Mehdi Bayani (‎; 1906 – February 6, 1968) was the founder and the first head of the National Library of Iran, specialist in Persian manuscripts and calligraphy, writer, researcher, and professor at the University of Tehran.

Life and careers
Mehdi Bayani was born in 1906 in Hamedan, Iran. His father, "Mirza Mohammad Khan Mostofi Farahani", was from the succession of teachers and accountant of Farahan and his maternal ancestor was "Mirza Soleimaan Bayan ol-Saltaneh Farahani", the head of the royal exchequer and the author of "the treatise on the rules of clerking and accounting". At the age of two, his father died and his mother came to Tehran with him and other children. He studied elementary and calligraphy in the primary schools of "Aqdasiyeh" and "Ashraf". He spent his high school years at the Dar ul-Funun then entered the "Teachers High College" (now Kharazmi University) for a bachelor's degree in literary and philosophical sciences. After receiving his bachelor's degree, he entered University of Tehran. In 1945, received a doctorate in the field of "Persian language and literature" from the University of Tehran.

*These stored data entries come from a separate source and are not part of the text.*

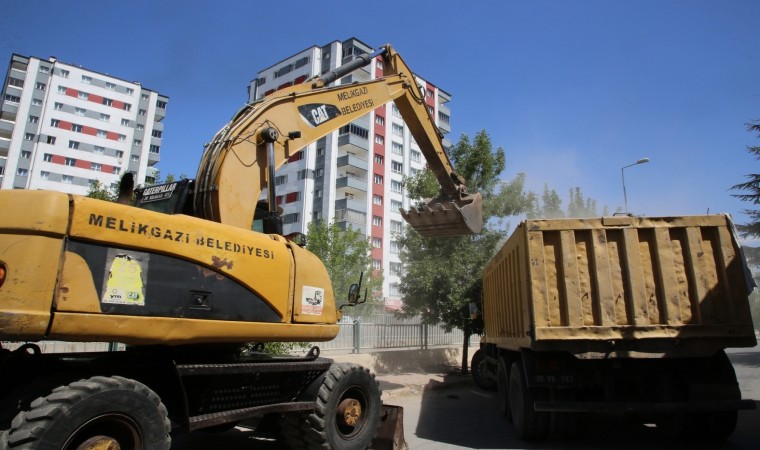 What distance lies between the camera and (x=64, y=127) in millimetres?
58750

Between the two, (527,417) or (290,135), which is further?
(527,417)

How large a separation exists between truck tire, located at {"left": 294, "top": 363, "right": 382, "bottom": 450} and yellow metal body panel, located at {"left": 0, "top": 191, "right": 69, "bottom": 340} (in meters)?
2.70

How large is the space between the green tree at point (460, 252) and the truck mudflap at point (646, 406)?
8142 mm

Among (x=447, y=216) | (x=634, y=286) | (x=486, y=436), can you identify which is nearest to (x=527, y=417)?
(x=486, y=436)

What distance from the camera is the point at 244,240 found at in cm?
448

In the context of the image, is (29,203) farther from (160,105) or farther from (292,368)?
(160,105)

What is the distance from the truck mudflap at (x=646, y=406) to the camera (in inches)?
213

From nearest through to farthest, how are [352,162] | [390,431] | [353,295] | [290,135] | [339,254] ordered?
[390,431] → [290,135] → [353,295] → [339,254] → [352,162]

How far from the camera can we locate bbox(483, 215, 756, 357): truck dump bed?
5.69 m

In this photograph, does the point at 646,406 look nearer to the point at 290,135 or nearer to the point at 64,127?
the point at 290,135

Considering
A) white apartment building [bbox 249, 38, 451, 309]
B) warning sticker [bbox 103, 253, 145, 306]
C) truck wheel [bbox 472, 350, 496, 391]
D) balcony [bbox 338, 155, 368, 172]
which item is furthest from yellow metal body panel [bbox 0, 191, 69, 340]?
balcony [bbox 338, 155, 368, 172]

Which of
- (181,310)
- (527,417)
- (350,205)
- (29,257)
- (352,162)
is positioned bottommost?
(527,417)

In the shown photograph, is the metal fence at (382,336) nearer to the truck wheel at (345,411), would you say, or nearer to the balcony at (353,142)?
the truck wheel at (345,411)

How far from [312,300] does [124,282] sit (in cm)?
201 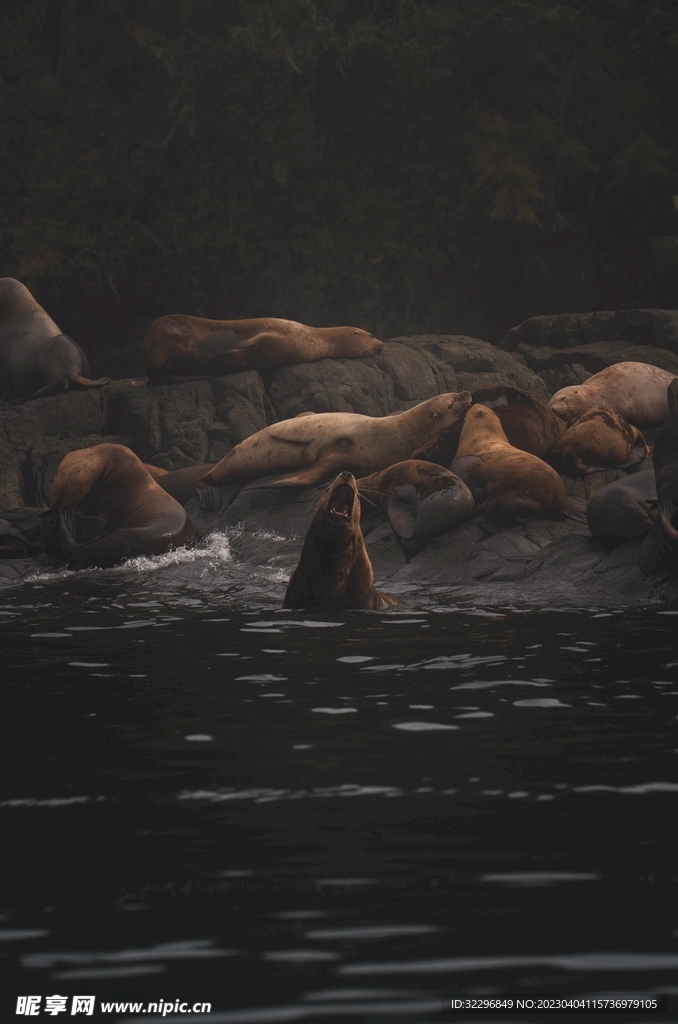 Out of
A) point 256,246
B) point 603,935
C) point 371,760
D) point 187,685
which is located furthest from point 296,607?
point 256,246

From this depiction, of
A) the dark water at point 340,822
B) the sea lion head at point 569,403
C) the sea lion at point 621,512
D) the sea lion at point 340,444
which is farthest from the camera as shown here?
the sea lion head at point 569,403

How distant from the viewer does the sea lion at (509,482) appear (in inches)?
404

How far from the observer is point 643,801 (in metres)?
3.57

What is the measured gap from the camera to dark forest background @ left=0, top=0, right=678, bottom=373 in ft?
62.4

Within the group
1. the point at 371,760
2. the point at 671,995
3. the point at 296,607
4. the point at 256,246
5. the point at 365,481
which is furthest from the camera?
the point at 256,246

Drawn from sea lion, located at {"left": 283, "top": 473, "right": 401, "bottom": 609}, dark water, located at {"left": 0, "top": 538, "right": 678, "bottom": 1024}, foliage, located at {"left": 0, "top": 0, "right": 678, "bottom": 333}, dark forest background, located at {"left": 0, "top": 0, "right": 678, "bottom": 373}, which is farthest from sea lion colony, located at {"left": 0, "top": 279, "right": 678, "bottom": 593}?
foliage, located at {"left": 0, "top": 0, "right": 678, "bottom": 333}

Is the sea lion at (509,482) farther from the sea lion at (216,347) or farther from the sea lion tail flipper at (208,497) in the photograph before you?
the sea lion at (216,347)

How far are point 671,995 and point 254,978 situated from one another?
80 centimetres

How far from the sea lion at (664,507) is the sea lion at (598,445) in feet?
8.21

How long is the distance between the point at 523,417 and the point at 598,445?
2.53 ft

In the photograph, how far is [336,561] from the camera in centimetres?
776

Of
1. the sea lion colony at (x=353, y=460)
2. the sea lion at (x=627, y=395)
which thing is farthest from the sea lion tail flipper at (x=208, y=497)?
the sea lion at (x=627, y=395)

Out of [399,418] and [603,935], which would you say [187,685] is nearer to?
[603,935]

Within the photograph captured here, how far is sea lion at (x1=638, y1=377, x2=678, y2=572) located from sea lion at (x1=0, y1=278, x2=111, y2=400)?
7.49 m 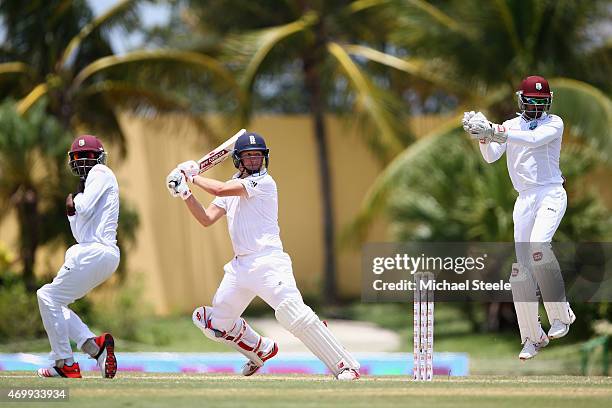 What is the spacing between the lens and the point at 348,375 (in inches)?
359

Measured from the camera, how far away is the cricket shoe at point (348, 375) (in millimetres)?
9102

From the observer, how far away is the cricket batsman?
357 inches

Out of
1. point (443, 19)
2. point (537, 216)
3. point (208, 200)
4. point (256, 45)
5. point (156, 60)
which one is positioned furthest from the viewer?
point (208, 200)

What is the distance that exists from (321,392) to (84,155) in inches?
107

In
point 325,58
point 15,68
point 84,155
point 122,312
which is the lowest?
point 122,312

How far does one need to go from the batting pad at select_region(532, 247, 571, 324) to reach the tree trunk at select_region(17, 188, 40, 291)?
9762 mm

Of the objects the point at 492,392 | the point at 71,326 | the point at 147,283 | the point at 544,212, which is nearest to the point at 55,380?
the point at 71,326

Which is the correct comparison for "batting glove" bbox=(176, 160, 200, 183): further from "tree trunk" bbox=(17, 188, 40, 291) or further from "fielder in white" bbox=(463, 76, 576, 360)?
"tree trunk" bbox=(17, 188, 40, 291)

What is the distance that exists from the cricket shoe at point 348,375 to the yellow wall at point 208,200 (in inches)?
407

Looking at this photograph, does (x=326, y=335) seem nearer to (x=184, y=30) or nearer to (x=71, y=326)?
(x=71, y=326)

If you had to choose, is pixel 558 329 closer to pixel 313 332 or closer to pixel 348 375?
pixel 348 375

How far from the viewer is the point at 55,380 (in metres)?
8.81

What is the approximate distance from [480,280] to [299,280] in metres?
11.7

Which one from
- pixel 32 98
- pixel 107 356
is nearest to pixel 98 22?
pixel 32 98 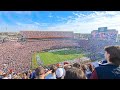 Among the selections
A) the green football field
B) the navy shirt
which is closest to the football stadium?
the green football field

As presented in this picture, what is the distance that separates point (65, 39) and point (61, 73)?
21.5 inches

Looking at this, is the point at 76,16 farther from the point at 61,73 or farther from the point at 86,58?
the point at 61,73

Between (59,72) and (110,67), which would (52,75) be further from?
(110,67)

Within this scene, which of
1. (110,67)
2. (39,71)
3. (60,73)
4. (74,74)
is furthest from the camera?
(39,71)

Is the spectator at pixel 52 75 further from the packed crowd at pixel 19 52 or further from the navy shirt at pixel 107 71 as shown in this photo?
the navy shirt at pixel 107 71

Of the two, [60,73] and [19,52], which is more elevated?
[19,52]

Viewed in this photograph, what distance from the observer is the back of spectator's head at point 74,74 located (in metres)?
3.36

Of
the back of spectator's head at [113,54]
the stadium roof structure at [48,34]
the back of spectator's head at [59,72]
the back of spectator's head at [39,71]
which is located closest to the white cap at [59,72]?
the back of spectator's head at [59,72]

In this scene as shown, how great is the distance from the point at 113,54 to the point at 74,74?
0.62 meters

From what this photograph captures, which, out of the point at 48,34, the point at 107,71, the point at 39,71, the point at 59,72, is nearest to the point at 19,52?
the point at 39,71

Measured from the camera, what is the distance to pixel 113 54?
3436 millimetres

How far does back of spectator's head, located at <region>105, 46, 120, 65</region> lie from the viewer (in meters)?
3.41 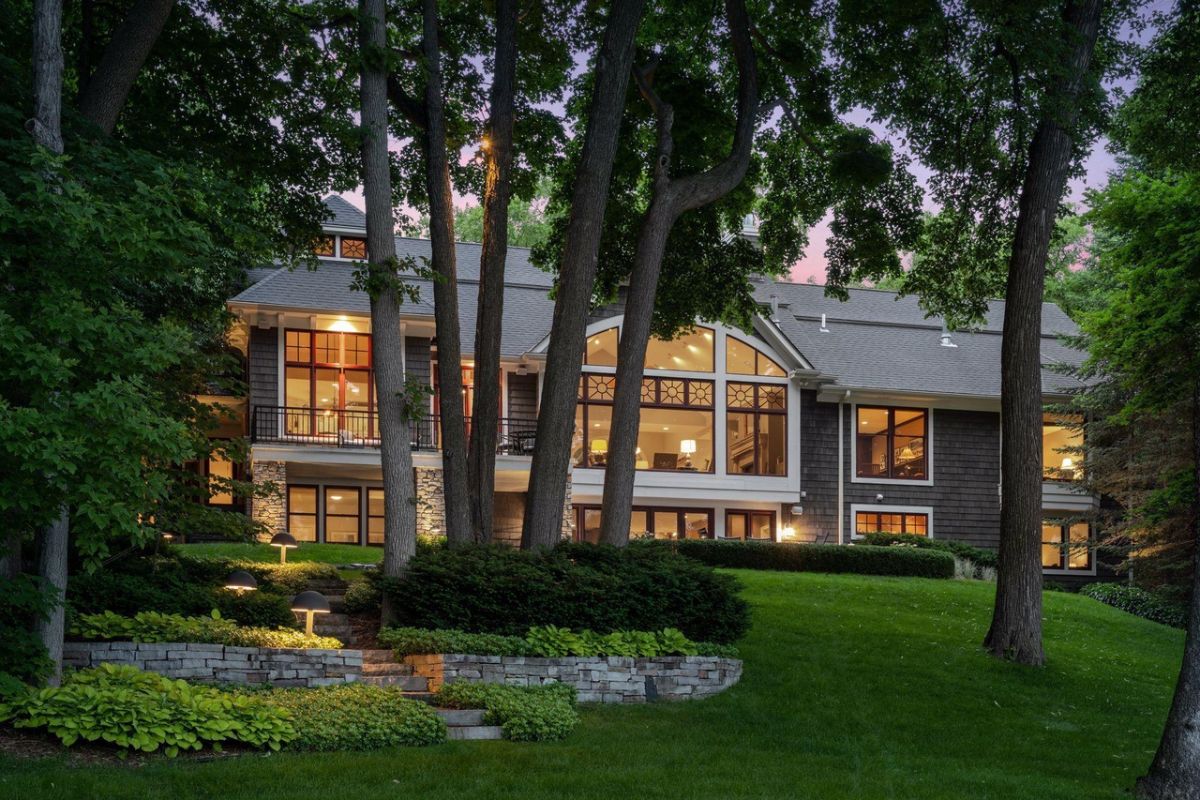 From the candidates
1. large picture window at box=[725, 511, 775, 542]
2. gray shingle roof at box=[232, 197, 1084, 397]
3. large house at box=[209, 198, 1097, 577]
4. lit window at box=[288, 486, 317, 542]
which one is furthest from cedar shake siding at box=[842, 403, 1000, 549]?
lit window at box=[288, 486, 317, 542]

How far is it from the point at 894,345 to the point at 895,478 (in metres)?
3.53

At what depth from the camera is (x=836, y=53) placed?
17.8 metres

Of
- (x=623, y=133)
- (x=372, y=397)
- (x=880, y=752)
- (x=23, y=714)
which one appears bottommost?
(x=880, y=752)

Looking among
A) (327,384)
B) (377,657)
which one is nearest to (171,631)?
(377,657)

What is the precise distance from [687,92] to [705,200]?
2663 mm

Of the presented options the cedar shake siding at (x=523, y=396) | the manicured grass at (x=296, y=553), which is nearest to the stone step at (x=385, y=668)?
the manicured grass at (x=296, y=553)

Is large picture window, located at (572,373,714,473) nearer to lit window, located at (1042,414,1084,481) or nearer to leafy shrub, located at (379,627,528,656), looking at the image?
lit window, located at (1042,414,1084,481)

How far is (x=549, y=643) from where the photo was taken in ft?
40.7

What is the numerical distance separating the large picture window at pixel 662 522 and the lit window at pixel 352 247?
295 inches

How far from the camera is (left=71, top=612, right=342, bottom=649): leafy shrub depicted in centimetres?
1120

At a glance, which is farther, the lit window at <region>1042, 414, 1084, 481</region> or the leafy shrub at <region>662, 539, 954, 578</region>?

After passing the training course of the officer's college and military service, Bayani started teaching Persian language and Persian literature in 1933, while working in the library of the "Teachers High College", and in 1934 he was appointed the director of the public library of Islamic sciences. In this position, he collected books from the "Royal Library" and the "Library of Islamic Sciences" to establish the "National Library of Iran" and after the establishment of this library in 1937, he became its director.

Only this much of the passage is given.